WORK ORDER
Transcribe the entries below word for word, beginning at the line with "Photo 1 VIN: WMEFJ9BAXJK280745" and stopping after the line with "13 Photograph of"; drop all pictures.
*** SOURCE INFORMATION ***
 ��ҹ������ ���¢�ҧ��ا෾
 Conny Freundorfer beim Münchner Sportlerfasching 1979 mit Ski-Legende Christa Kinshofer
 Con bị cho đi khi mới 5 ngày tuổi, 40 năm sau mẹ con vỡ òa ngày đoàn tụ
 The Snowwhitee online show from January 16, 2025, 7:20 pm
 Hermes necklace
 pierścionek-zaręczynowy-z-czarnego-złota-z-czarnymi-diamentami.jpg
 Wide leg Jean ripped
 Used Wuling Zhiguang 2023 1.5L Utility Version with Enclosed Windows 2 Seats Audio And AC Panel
***
*** SOURCE INFORMATION ***
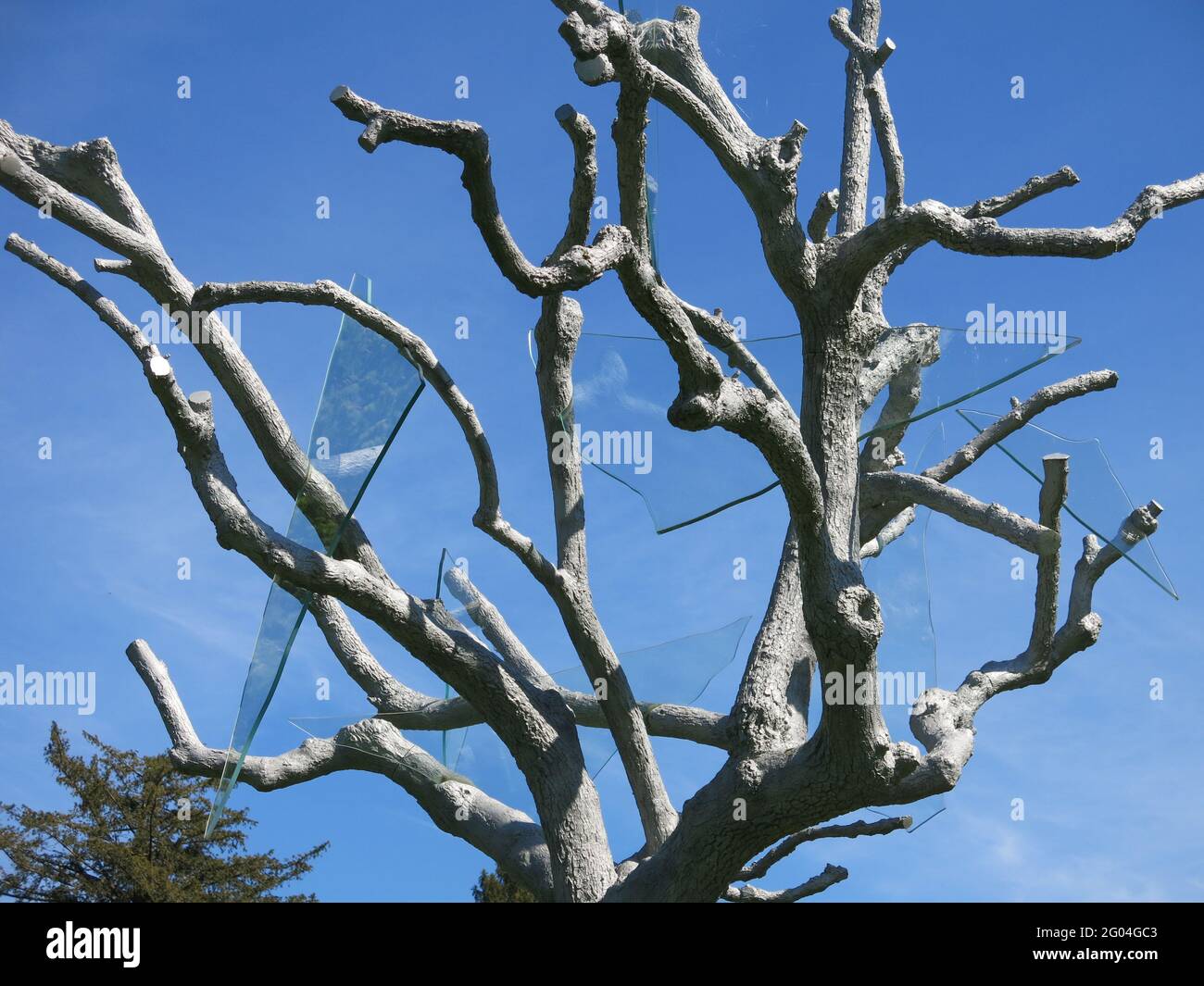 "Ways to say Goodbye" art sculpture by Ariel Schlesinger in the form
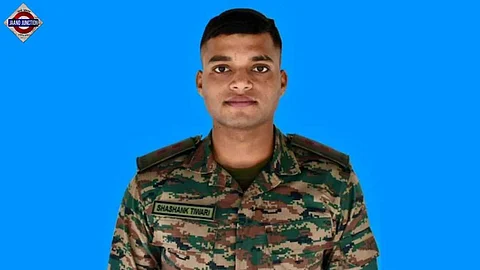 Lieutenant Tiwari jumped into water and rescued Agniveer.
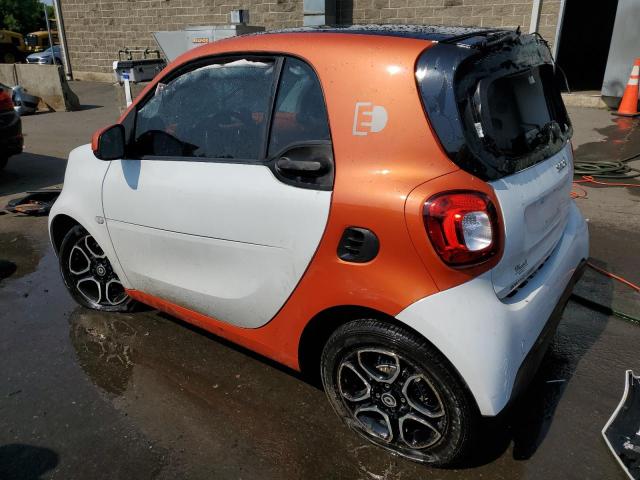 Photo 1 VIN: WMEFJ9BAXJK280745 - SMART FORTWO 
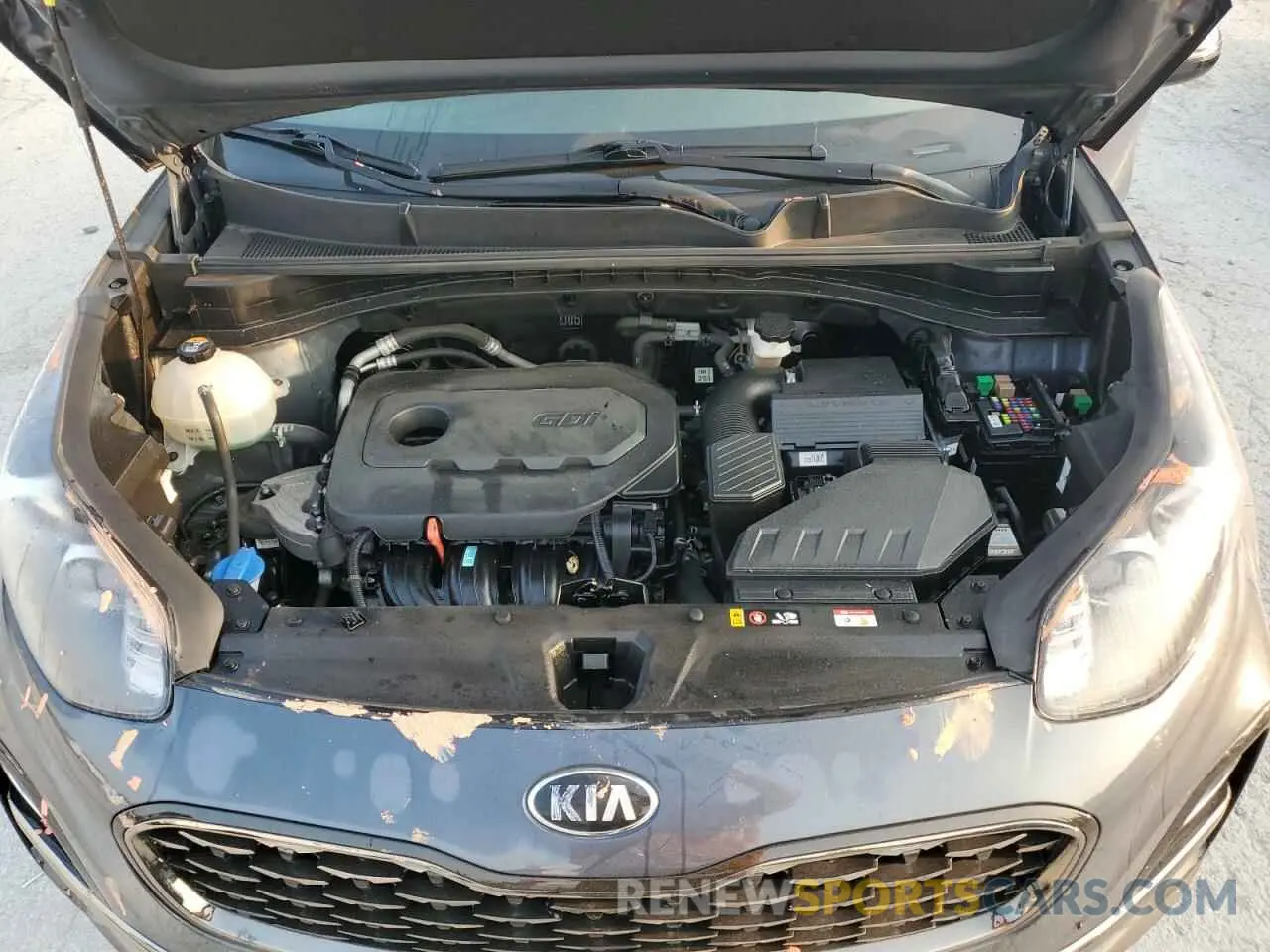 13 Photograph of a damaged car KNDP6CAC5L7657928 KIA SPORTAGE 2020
***
RESPONSE BOX
 Photo 1 VIN: WMEFJ9BAXJK280745 - SMART FORTWO 
 13 Photograph of a damaged car KNDP6CAC5L7657928 KIA SPORTAGE 2020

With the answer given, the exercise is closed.